20 LECTURE: Functions

Writing functions is a core activity of an R programmer. It represents the key step of the transition from a mere “user” to a developer who creates new functionality for R. Functions are often used to encapsulate a sequence of expressions that need to be executed numerous times, perhaps under slightly different conditions. Functions are also often written when code must be shared with others or the public.

The writing of a function allows a developer to create an interface to the code, that is explicitly specified with a set of parameters. This interface provides an abstraction of the code to potential users. This abstraction simplifies the users’ lives because it relieves them from having to know every detail of how the code operates. In addition, the creation of an interface allows the developer to communicate to the user the aspects of the code that are important or are most relevant.

20.1 Functions in R

Functions in R are “first class objects”, which means that they can be treated much like any other R object. Importantly,

  • Functions can be passed as arguments to other functions. This is very handy for the various apply functions, like lapply() and sapply().

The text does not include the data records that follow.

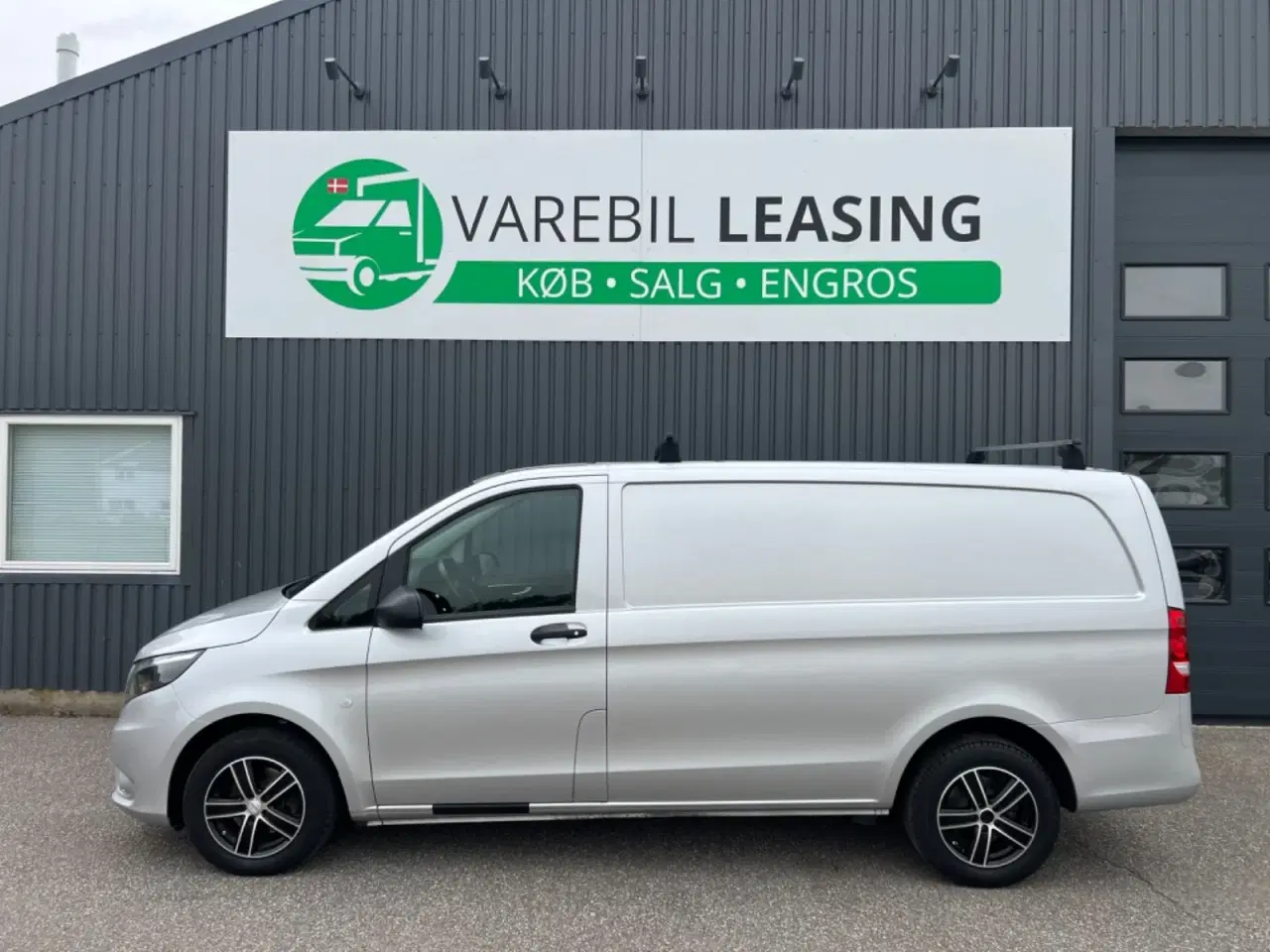 Billede 1 - Mercedes Vito 114 2,0 CDi Kassevogn aut. L RWD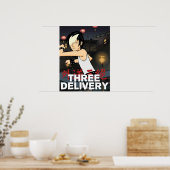 Drie Poster voor Delivery™ Tobey (Keuken)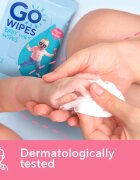 GoWipes Baby Wet Wipes vlažni robčki za otroke od rojstva 24 kos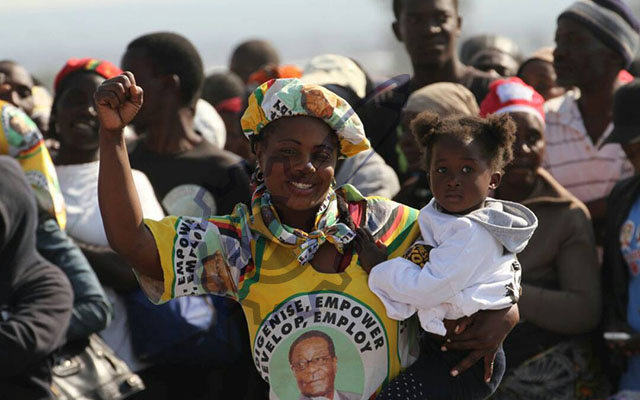 LIVE FROM MKOBA: Midlands Presidential Youth Interface Rally – Gweru ...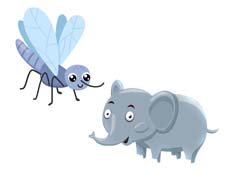 Сказка на ночь «Тайна комарика». Читать и слушать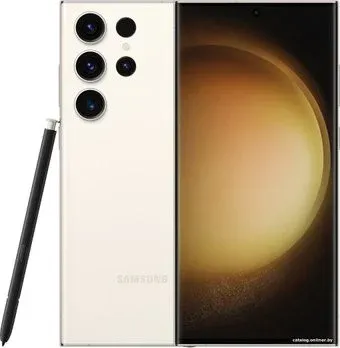 Samsung Galaxy S23 Ultra SM-S918U1 12GB/512GB (бежевый)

  • Functions can be nested, so that you can define a function inside of another function

If you’re familiar with common language like C, these features might appear a bit strange. However, they are really important in R and can be useful for data analysis.

20.2 Your First Function

Functions are defined using the function() directive and are stored as R objects just like anything else. In particular, they are R objects of class “function”.

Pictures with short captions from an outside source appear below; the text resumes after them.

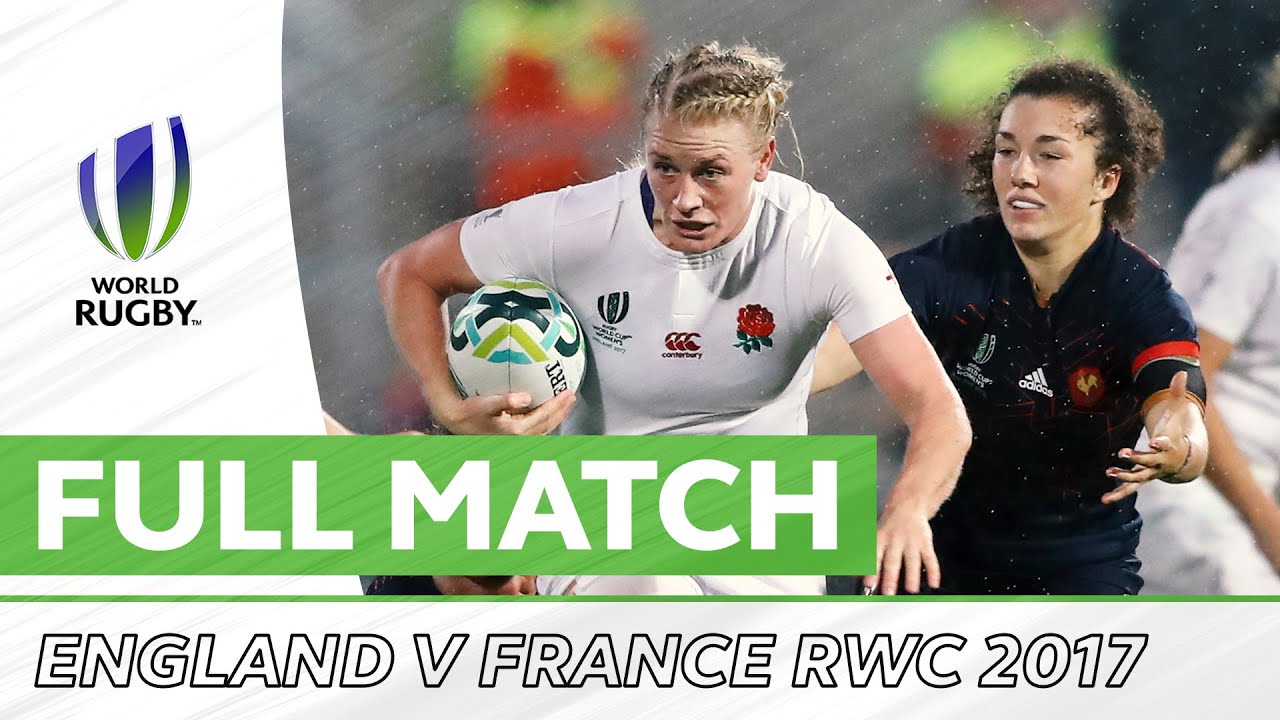 Rugby World Cup 2017: England v France
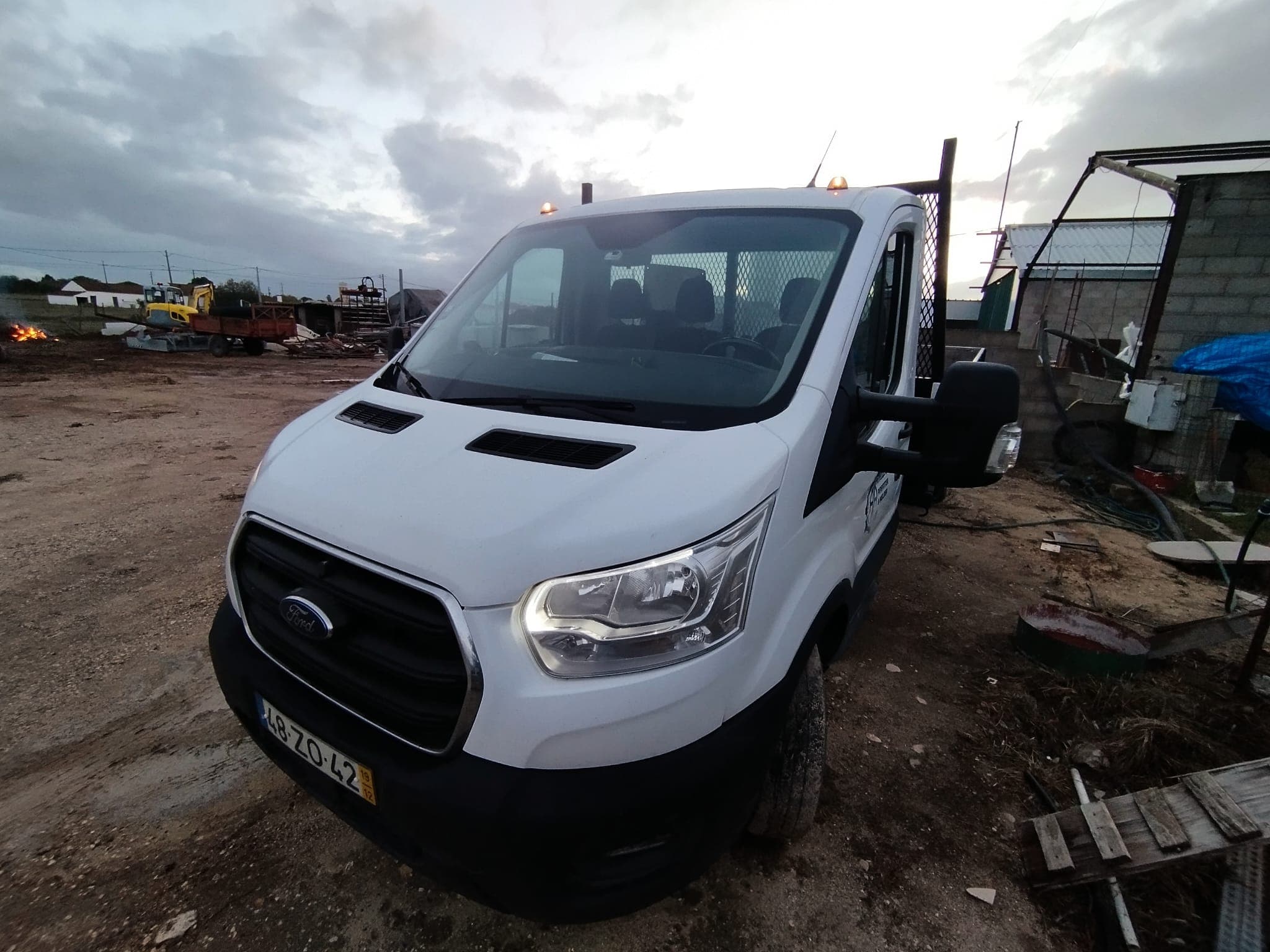 Ford Transit 2.0 · Ano 2019 — imagen 3
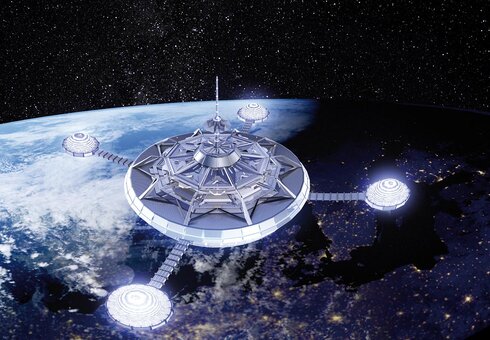 Flug durch das Universum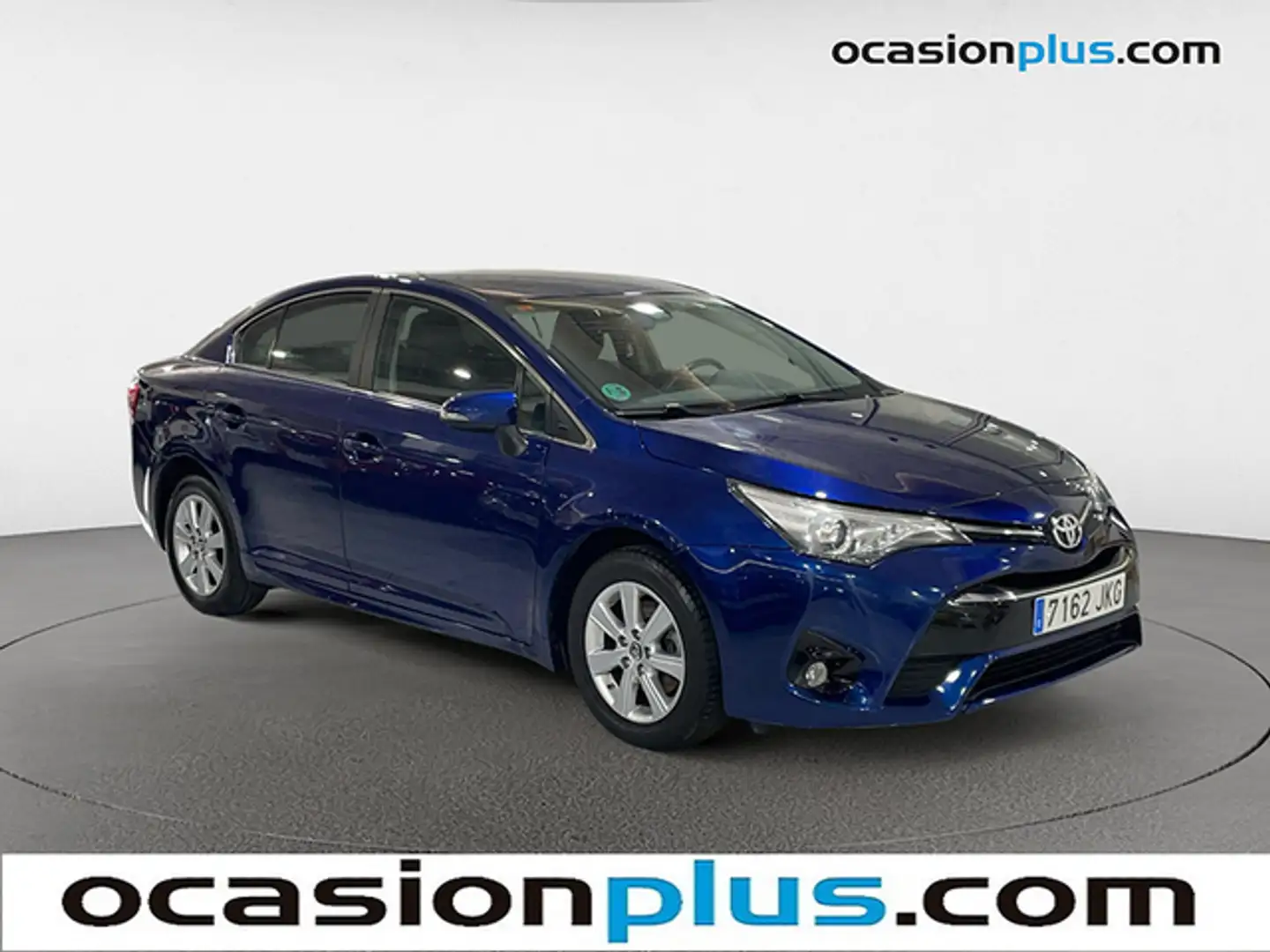 Toyota Avensis 115D Business Azul - 2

Here’s a simple function that takes no arguments and does nothing.

f <- function() {
        ## This is an empty function
}
## Functions have their own class
class(f)  
## [1] "function"
## Execute this function
f()       
## NULL

Not very interesting, but it’s a start. The next thing we can do is create a function that actually has a non-trivial function body.

f <- function() {
        cat("Hello, world!\n")
}
f()
## Hello, world!

The last aspect of a basic function is the function arguments. These are the options that you can specify to the user that the user may explicity set. For this basic function, we can add an argument that determines how many times “Hello, world!” is printed to the console.

f <- function(num) {
        for(i in seq_len(num)) {
                cat("Hello, world!\n")
        }
}
f(3)
## Hello, world!
## Hello, world!
## Hello, world!

Obviously, we could have just cut-and-pasted the cat("Hello, world!\n") code three times to achieve the same effect, but then we wouldn’t be programming, would we? Also, it would be un-neighborly of you to give your code to someone else and force them to cut-and-paste the code however many times the need to see “Hello, world!”.

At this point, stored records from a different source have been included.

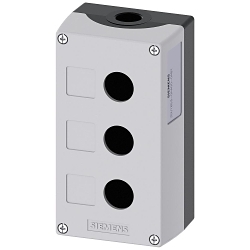 Siemens 3SU18530AA000AB1 SIRIUS ACT Pushbutton Enclosure
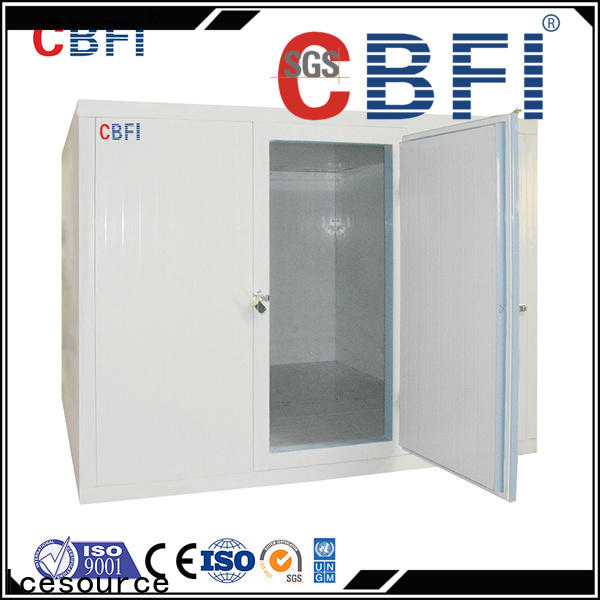 CBFI cold storage container range for vegetable storage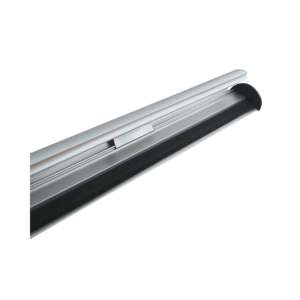 Kit de profilés en aluminium pour affiches 61 cm avec 3 paires de crochets et rails - Product Image 2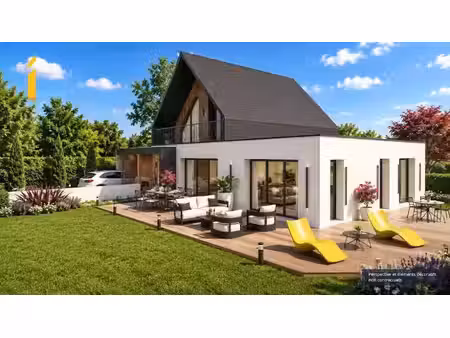vente maison neuve 5 pièces 140 m² à moelan-sur-mer (29350)  439 800 €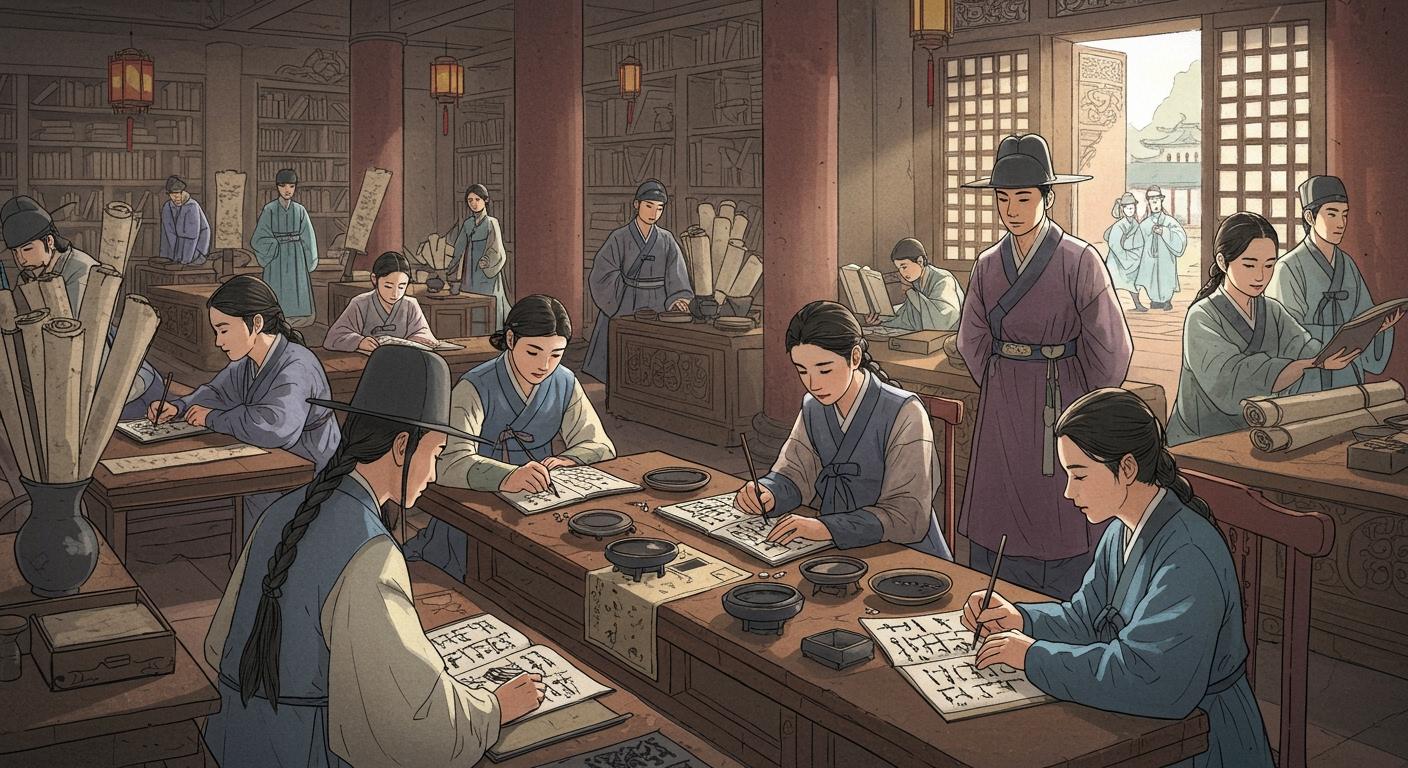 삼국사기에 기록된 유학생들의 활약상
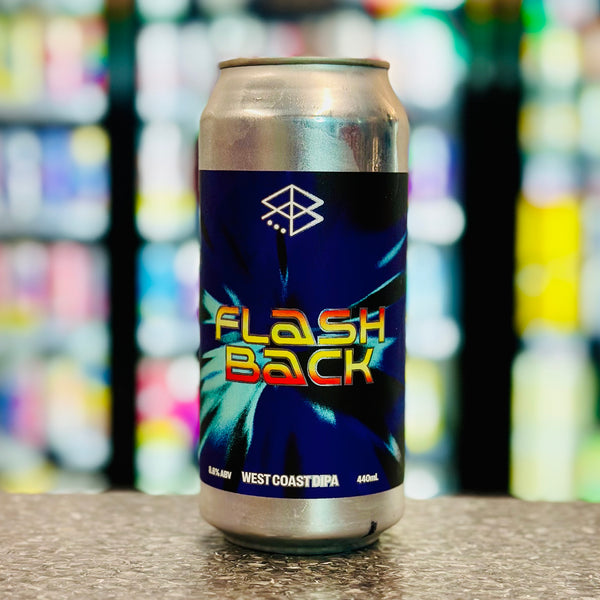 'MIX 6 OR MORE GET 20% OFF' RANGE BREWING FLASH BACK WEST COAST DOUBLE IPA 8.6% ABV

In general, if you find yourself doing a lot of cutting and pasting, that’s usually a good sign that you might need to write a function.

Finally, the function above doesn’t return anything. It just prints “Hello, world!” to the console num number of times and then exits. But often it is useful if a function returns something that perhaps can be fed into another section of code.

This next function returns the total number of characters printed to the console.

f <- function(num) {
        hello <- "Hello, world!\n"
        for(i in seq_len(num)) {
                cat(hello)
        }
        chars <- nchar(hello) * num
        chars
}
meaningoflife <- f(3)
## Hello, world!
## Hello, world!
## Hello, world!
print(meaningoflife)
## [1] 42

In the above function, we didn’t have to indicate anything special in order for the function to return the number of characters. In R, the return value of a function is always the very last expression that is evaluated. Because the chars variable is the last expression that is evaluated in this function, that becomes the return value of the function.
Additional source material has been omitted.